In the article, Greg addresses arguments that the First Amendment prohibits prosecuting these defendants for what they contend was legitimate undercover recording. Although the First Amendment would require two-party consent rules to yield in many public or semi-public settings, especially when the information recorded is newsworthy, many of the recordings at issue in this case likely do not implicate the defendants’ First Amendment rights. Greg observed, however, that when it comes to interpreting statutes regulating eavesdropping and invasion of privacy, “[c]oncerns about journalism may inform where the lines are, how broadly or narrowly the statutes are interpreted.”

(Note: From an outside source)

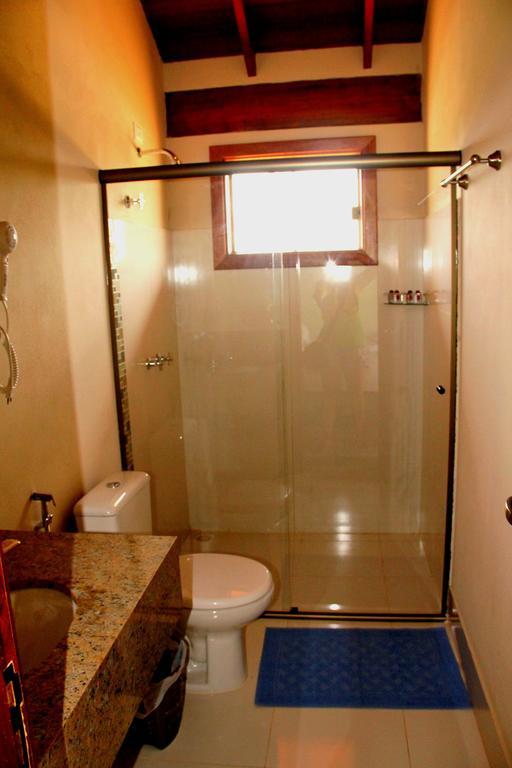 Pousada Gaya Carrancas Phòng bức ảnh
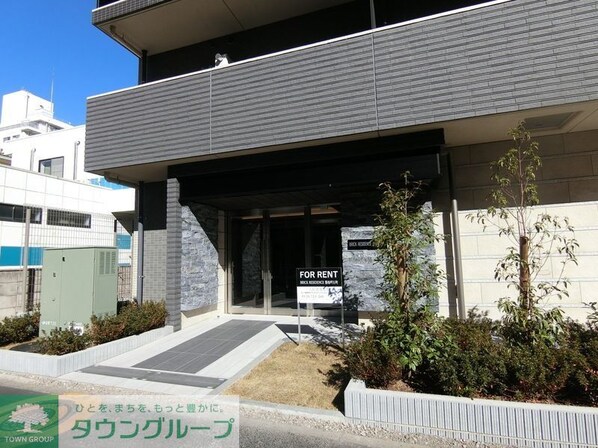 BRICK RESIDENCE 築地明石町の物件内観写真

Greg’s practice includes criminal defense, appellate and Supreme Court litigation, and First Amendment cases. Greg has significant experience representing journalists: While a lawyer at Covington & Burling, he represented the Newspaper Association of America in its effort to persuade Congress to enact a reporters-privilege law to protect confidential sources; performed pre-publication review of stories for local-news broadcasts across the country; and obtained asylum for an Eastern European journalist who was persecuted for her reporting.